Quando eu nasci, um homem branco me segurou
Pelos pés
Bateu na minha bunda e disse:
– Vai, mulher negra, sofrer na vida!
Pela primeira vez, chorei sentida
Só assim ele se convenceu de que eu estava viva.

Desde então, muitos foram os tapas
Das mãos que me apalparam
Dos olhos que me despiram
Das bocas que em mim cuspiram
Dos ferros que me alisaram

Tapas atrás tapas
Diariamente sovada
Assim me fizeram carne barata
Assim me fizeram mulher calejada
Assim me fizeram dor!

[...]

 Estereotipada, me fizeram objeto
 Retocado, clareado, purpurinado
 Transmitido em resolução HD
 Para que o mundo pudesse ver
 Nas telas do grande irmão
 A mulata exportação!
 [...]

         (Débora Garcia, p. 88-9)

 

Nestes tempos de mais incertezas presenciamos um forte retorno ao conservadorismo explícito, desse modo reascende no país uma pauta reacionária calcada na busca pela manutenção de privilégios, como se fossem direitos. Percebemos, pois, nesses movimentos um ranço do Brasil colonial e a raiva de quem quer a manutenção das linhas de preconceito que embasam as relações desiguais em nossa sociedade. Logo, as recentes conquistas no que tange ao acesso de homens e mulheres negras a lugares sociais que desejam, e uma (ainda tímida) redução das desigualdades da última década ou as importantes ações afirmativas têm sido pontos passíveis de uma crítica sem argumento, superficial e rasa, característica do modo de vida e pensamento classemediano.

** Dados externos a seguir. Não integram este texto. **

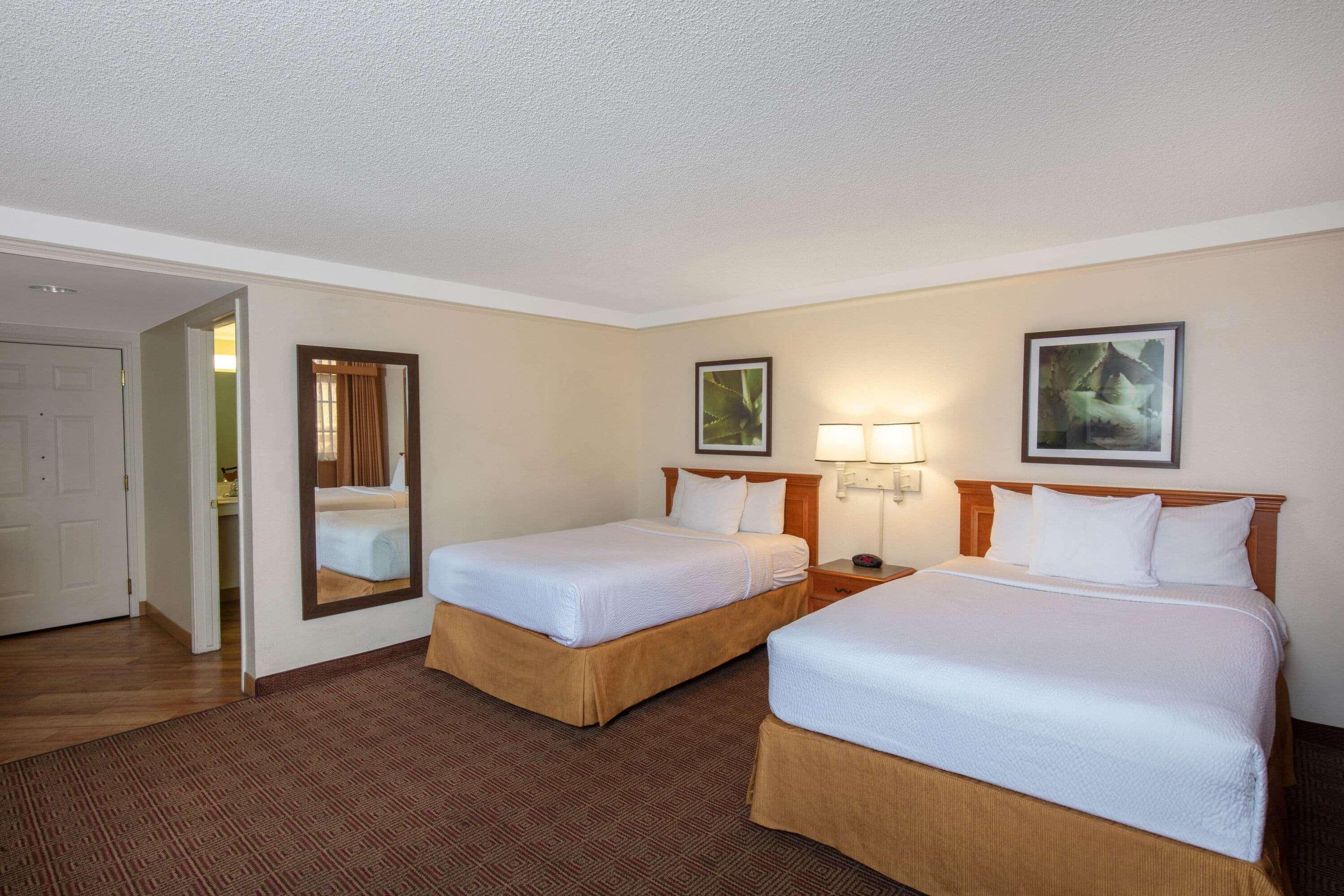 La Quinta By Wyndham Las Vegas Airport N Conv. מראה חיצוני תמונה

Certamente aos reacionários, esses barões e baronesas do século XXI cujos antepassados sempre trama(ra)m golpes, e aos recentes capitães do mato, que atua(ra)m na defesa deles, caberá – desejamos – o crivo da história, contudo a nós – da ponta menos privilegiada das linhas – nunca coube esperar por justiça dentro narrativa oficial da nação, por isso a luta. Sempre houve, nas periferias, nas margens da nação oficial, organizações descontentes dos aparelhos oficiais (ideológicos) repressores. Elas se constituíram nas redes discursivas responsáveis pela manutenção de táticas de resistência frente às vozes hegemônicas. As artes, suas tantas linguagens em suas diferentes formas (Samba, RAP, Hip Hop, literatura etc.) são parte dessas táticas, meio como minorias resistem frente ao poder do discurso oficial, da voz dos dominantes, e intentam preservar suas vidas e culturas.

No campo literário há uma produção que provoca ruído num mercado editorial ainda hoje predominantemente masculino, branco, heterossexual, ligado às classes média e alta (DALCASTAGNÈ, 2012). Entre essas performances ruidosas cabe lembrar diversos grupos de escritores, dentre esses talvez o de maior repercussão, o Quilombhoje. Este grupo vem lançando, há 40 anos, volumes de poesia e prosa afro-brasileira, reunindo autores consagrados e outros recém-iniciados na seara das letras.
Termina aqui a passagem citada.